As I continue to defend sex crime cases in every county in Massachusetts as well as in states throughout all of the New England region, I am constantly asked the same question by clients “how can they charge me when there isn’t any evidence?” While my initial answer is usually a slightly glib “because they can”, I always take time to then explain that for a criminal charge to issue, the police must merely demonstrate to a clerk/magistrate “probable cause” to believe the alleged perpetrator committed the crime alleged. This applies to all criminal charges, including rape. Probable cause is a much lower standard than the far stricter trial standard of “proof beyond a reasonable doubt”. Essentially, it means there is a reasonable basis/grounds to believe that “more probably than not”, the defendant committed the alleged offense conduct. As counterintuitive as that may seem in this age of CSI, that’s all that’s needed for a criminal complaint or arrest warrant to issue even when the most serious of felonies are alleged. This means that in a rape case(s), a charge can be based solely on the complaining witness’ word, alone.

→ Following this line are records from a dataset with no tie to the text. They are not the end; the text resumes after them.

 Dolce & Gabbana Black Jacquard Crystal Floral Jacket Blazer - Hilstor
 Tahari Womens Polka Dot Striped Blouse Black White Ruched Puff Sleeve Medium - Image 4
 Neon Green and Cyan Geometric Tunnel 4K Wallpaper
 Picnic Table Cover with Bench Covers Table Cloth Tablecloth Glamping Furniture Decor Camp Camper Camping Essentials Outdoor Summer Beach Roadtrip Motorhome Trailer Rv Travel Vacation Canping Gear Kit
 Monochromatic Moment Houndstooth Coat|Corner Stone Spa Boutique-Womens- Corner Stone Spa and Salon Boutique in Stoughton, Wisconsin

This wasn’t always so. For several centuries, at Common Law, an accusation of rape had to be accompanied by an admission/confession by the accused to support a charge and sustain a conviction. Even after that changed, sex crimes prosecutors like I once was, were encouraged, but not required, to look for some degree of corroboration before deciding to charge sex assault cases. As I have written before, this no longer seems to be so. Instead, with the proliferation of special victims’ units and the advent of # METOO, prosecutors in Sex Crimes and Child Protection Unit(s) appear to have embraced the “we believe the accuser” mantra to such a degree that they are willing to charge any/all accusations of rape regardless of how scant the evidence might be. To them, it is better to go to trial and lose than it is to not believe the accuser. Clearly, the risk of gross injustice and miscarriage of justice has become acute.

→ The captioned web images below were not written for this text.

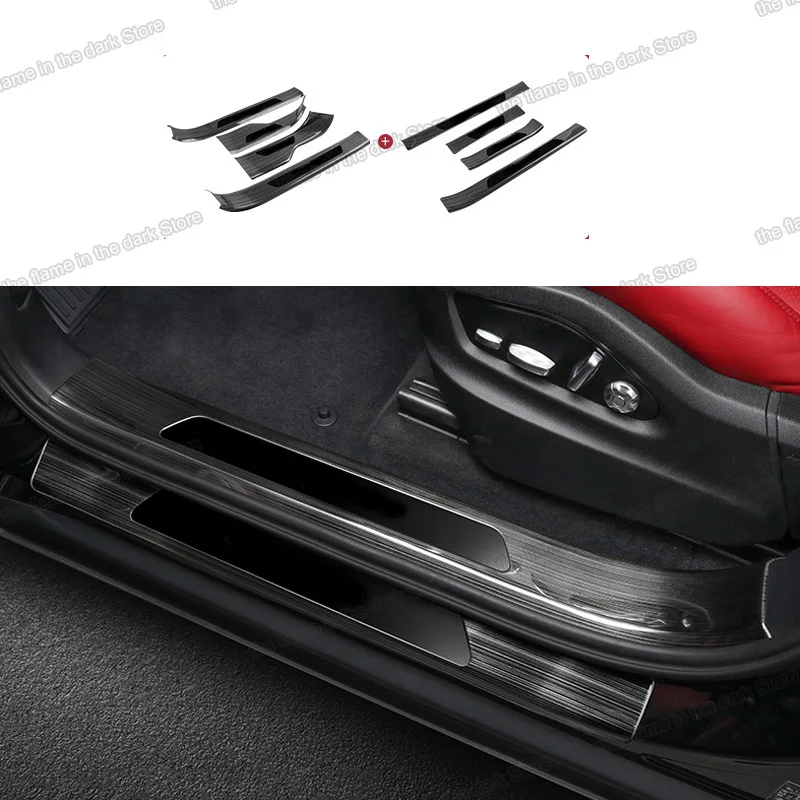 Stainless Steel Car Door Sill Cover Threshold Trims for Porsche Cayenne 2018 2019 2020 Accessories Auto panel 2021 2022 2023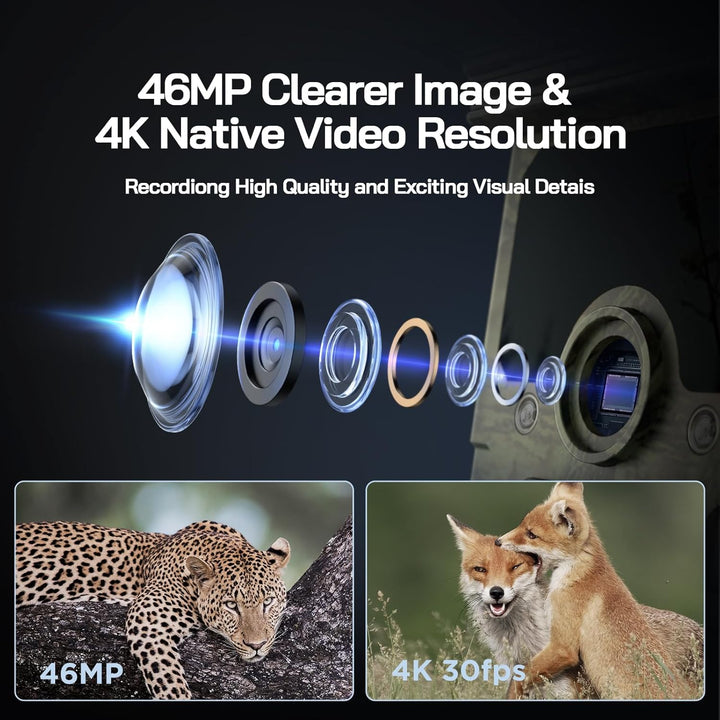 WOLFANG Wildkamera, 4K Solar Video Wildtierkamera, 68MP Full HD WLAN mit Handyübertragung APP, Beweg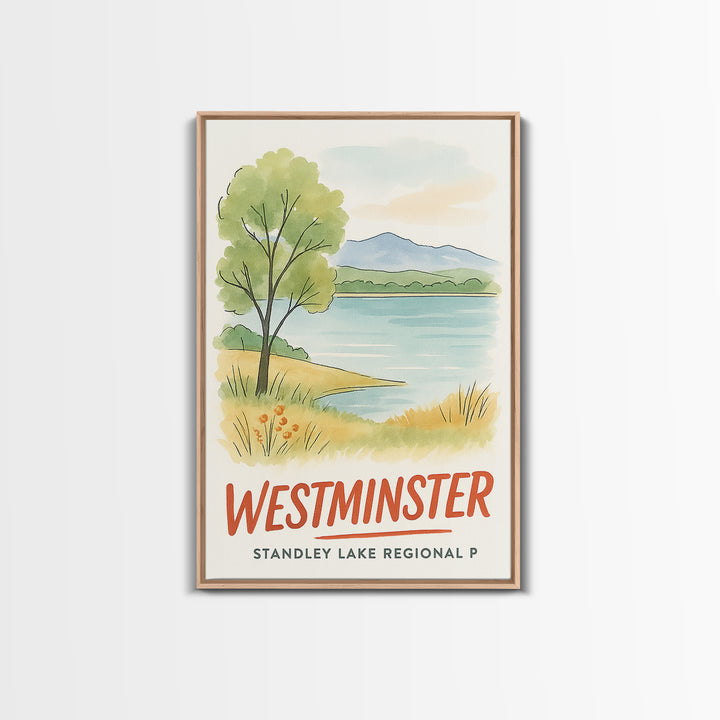 Westminster Travel Poster, Canvas Print, Illustrated City Wall Art, Westminster Wall Art, Modern Wall Decor, Retro Travel Print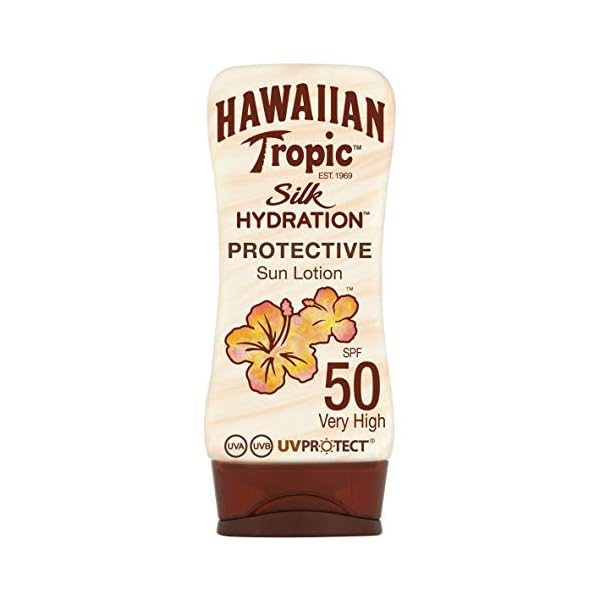 Hawaiian Tropic | Silk Hydration Sunscreen Sonnenschutzlotion LSF 50 UVA + UVB Schutz, 180 ml, 12-Stunden-Feuchtigkeitspflege mit Kakao- und Sheabutter, wasserfest, vegan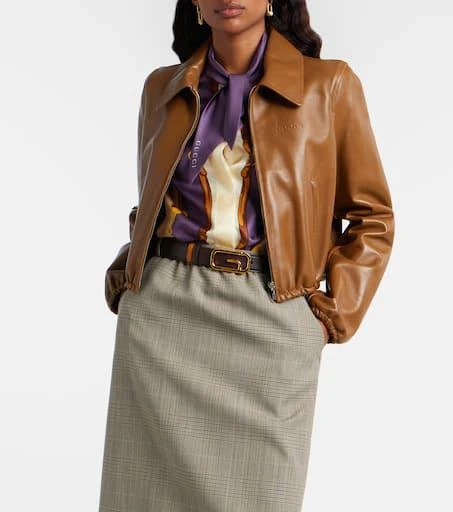 Gucci Leather bomber jacket 2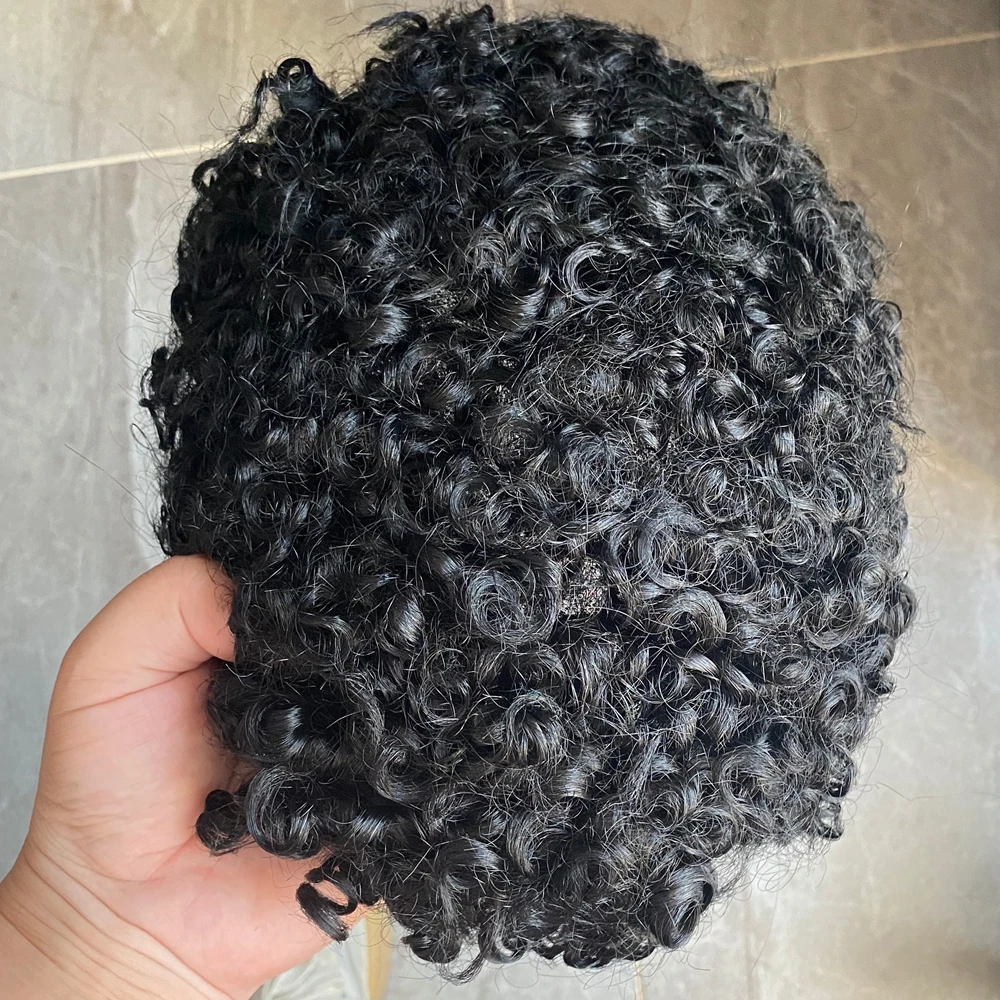 خط شعر طبيعي غير قابل للاكتشاف للرجال 18 مللي متر مجعد 100% شعر بشري شعر مستعار شعري صناعي متين ناعم أحادي القاعدة لاستبدال الشعر #4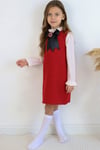 Parla Kids Kız Çocuk Vanessa Broş Detaylı Tüvit Kırmızıı Uzun Kollu Yılbaşı Elbisesi ELB-0082.2, Elbise – Parla Kids resmi ürün görseli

Here in MA, sex crimes prosecutors do subject complainants to interdisciplinary SAIN interviews, a videotaped Q & A session viewed through one-way glass by a team of prosecutors, sex crimes detectives, and social workers with the accuser interviewed, alone, in comfortable and informal settings by a trained examiner. Previously used solely for child sex crimes victims as a process to help them become comfortable with the questions asked and/or to provide a forum to use anatomically correct dolls to help them initially articulate what happened or a comfortable and seemingly private setting to help encourage disclosure(s), the SAIN protocol ( which has no direct evidentiary use or value at trial) has instead morphed into a means of prosecutorial due-diligence for all alleged sex crimes victims, including adults, as a way to see if the accuser “holds up” and remains consistent, when gently questioned. If so, these days, charges usually follow.

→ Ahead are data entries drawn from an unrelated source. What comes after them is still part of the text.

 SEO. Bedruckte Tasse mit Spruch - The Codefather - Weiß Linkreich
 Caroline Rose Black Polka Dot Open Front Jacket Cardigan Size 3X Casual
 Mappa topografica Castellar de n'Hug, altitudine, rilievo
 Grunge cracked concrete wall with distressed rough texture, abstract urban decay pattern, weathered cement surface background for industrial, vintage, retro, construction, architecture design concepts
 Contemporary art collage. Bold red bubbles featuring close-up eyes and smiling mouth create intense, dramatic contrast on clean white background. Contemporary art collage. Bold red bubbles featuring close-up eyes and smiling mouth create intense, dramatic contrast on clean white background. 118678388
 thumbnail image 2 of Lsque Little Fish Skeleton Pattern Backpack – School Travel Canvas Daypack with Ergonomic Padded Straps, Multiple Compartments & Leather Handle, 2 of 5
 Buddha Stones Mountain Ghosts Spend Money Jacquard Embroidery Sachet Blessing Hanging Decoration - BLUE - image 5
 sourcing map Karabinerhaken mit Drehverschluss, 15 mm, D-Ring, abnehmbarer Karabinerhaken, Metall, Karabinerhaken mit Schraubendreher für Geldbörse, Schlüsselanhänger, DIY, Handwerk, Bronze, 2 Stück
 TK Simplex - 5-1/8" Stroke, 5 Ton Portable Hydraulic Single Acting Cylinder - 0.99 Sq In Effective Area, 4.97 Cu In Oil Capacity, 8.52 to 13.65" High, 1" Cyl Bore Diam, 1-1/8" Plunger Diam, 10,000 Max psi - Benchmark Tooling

While some alleged victims are either taken, or do present themselves to, the emergency room at local hospitals for an examination by a SANE nurse and/or completion of a rape kit, that’s not required; many rape cases are charged without this. To supplement, prosecutors attempt to “dress things up” by introducing first complaint, fresh complaint, or prompt outcry evidence of what the accuser allegedly first reported about the assault to a third party, not for the purpose of proving the assault happened but solely for the supposed limited non-hearsay purpose of helping the jury assess the accuser’s credibility. To sex crimes prosecutors, this is the best way to make what have increasingly become mere he-said-she-said prosecutions appear more substantive than they are.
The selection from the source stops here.